Если в Старой Руссе в школу я ходил как на муку мученскую, то к 215-й привык сразу и посещал ее с охотой. Может быть, дело тут было в составе класса, в соучениках, с которыми я быстро нашел общий язык, а быть может, это тем объяснялось, что школа эта не зря славилась своим педагогическим персоналом, умелым и опытным. Некоторые ее преподаватели были известны на весь Васильевский остров, например Соснин, учитель литературы в классах второй ступени; на его уроки приходили иногда ученики из других школ, хотя требователен он был чрезвычайно, и про него даже песенку сложили, которая так начиналась: "Борис Дмитриевич Соснин -- довольно строгий господин!" Хорошо поставлено было во второй ступени изучение математики и физики, -школа имела радиотехнический уклон, и шефствовал над ней завод имени Козицкого. Ребята из старших классов проходили практику в цехах этого завода, и выпускникам 215-й предоставлялось право поступать туда на работу, минуя Биржу труда; по тому времени -- льгота немалая, если учесть безработицу.

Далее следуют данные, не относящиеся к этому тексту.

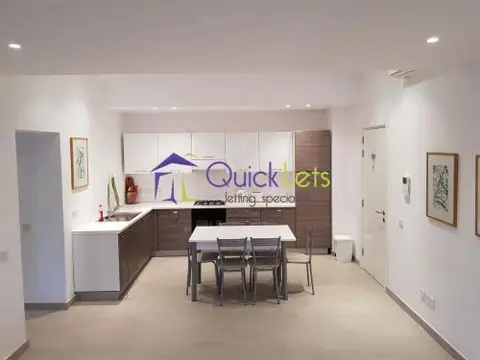 1 bedroom Apartment to rent in Sliema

Помню, девушки и юноши, проходившие производственную практику, и на школьные занятия горделиво являлись в синих рабочих спецовках, и у каждого из нагрудного кармана торчали желтая линеечка и штангенциркуль; девушки носили кепки, лихо заламывая козырьки. В школе устраивали "вечера смычки", на которые приходило много молодых рабочих; школьный драмкружок "Синяя блуза" показывал им свои постановки. Связь с производством, заводской труд воспринимались тогда возвышенно, романтически. Позже эта индустриальная романтика коснулась и меня.